Building new muscle after a session is not your body’s number one priority. After the workout your body is mainly concerned with getting itself over the stress you have put it through. Only after that will it add anything new if it has been stimulated to do so. When you train you are not just working individual muscles, you are working your central nervous system too. So when you think “I worked chest today, I’m fine, I can do back tomorrow”, you are still working yourself systemically and only making it harder for the body to recover from all the stress and therefore you are less likely to make the improvements you are after.
Think about it another way. It’s like digging a hole. If you keep digging over and over, you will struggle to just fill the hole, let alone add a little bit on top each time which is what you want. So train hard but briefly and infrequently so that you recover fully, and not just muscularly but also systemically to get the most from your training.
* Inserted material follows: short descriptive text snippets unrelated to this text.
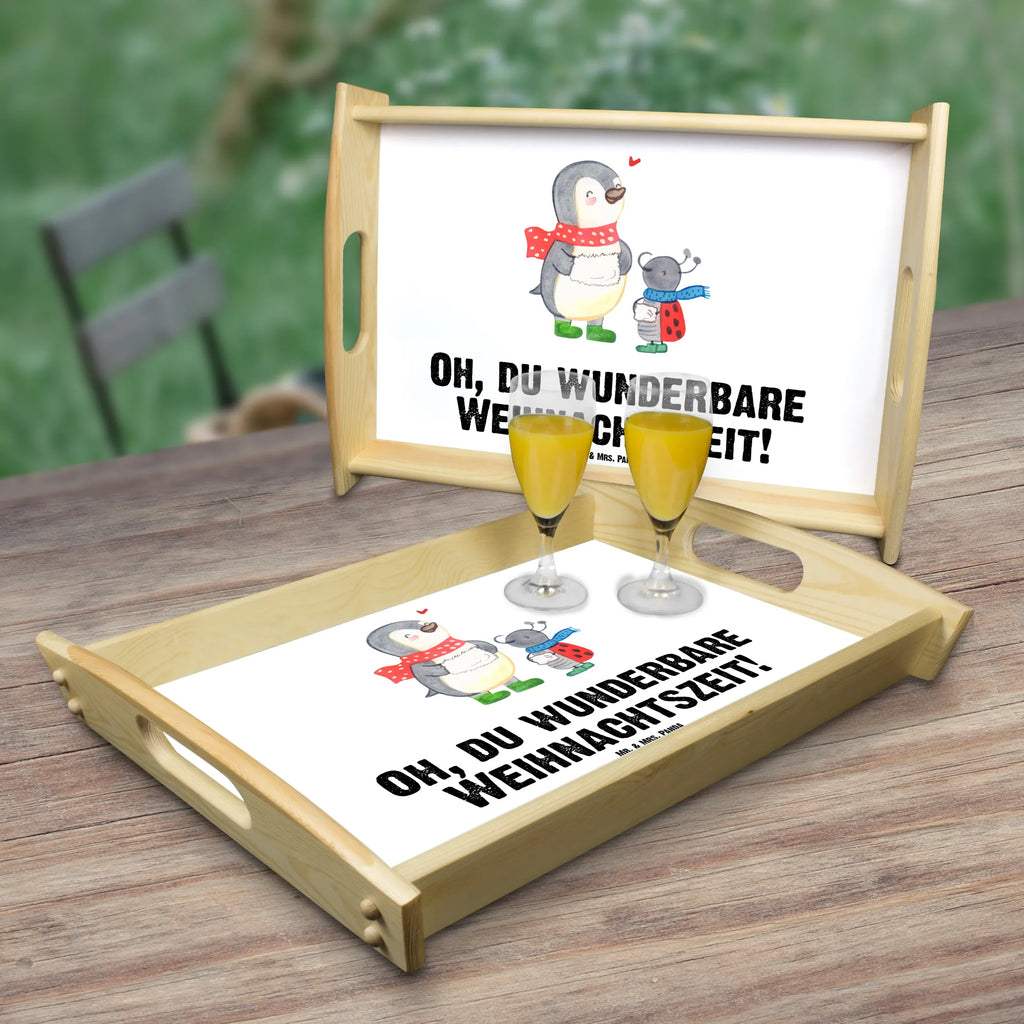 Serviertablett Smörle Winterzeit Dekotablett, Holztablett, Serviertablett, Tablett, Küchentablett, Frühstückstablett, Winter, Weihnachten, Weihnachtsdeko, Nikolaus, Advent, Heiligabend, Wintermotiv, Weihnachtszeit, Weihnachtsgruß, Weihnachten Grüße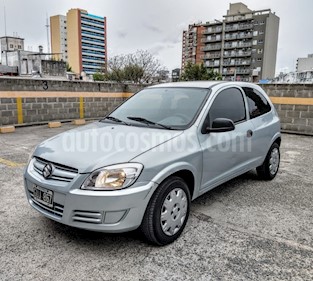 Foto venta Auto Usado Suzuki Fun 1.4 5P (2007) color Gris Bluet precio $138.000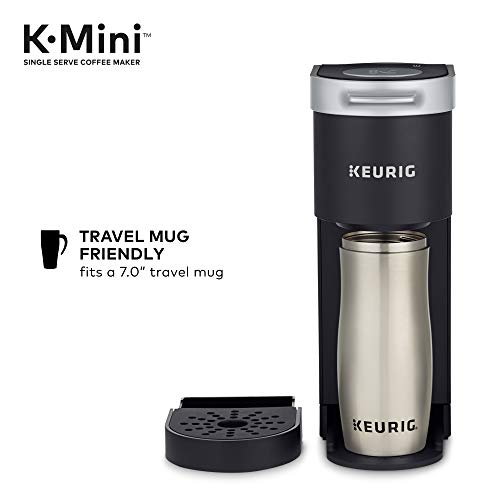 Coffee Maker Single Serve Pod Coffee Brewer (6-12 Oz)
As for soreness, it is a poor indication of recovery and no-one has ever really proven the cause especially in relation to muscular growth . However, I certainly wouldn’t recommend training if you are still sore. Remember if you train too soon you are just short circuiting the recovery and growth process which may not halt your gains completely but will severely hinder them. Also, to put muscle soreness into perspective, you could swim 50 lengths of a pool tomorrow and be incredibly sore but this doesn’t mean you are going to grow from it. Remember that the main thing is systemic recovery together with full muscle recovery, but without systemic you certainly won’t make progress, or at least not for very long, and if the muscles haven’t recovered, prepare for an injury at some point down the line.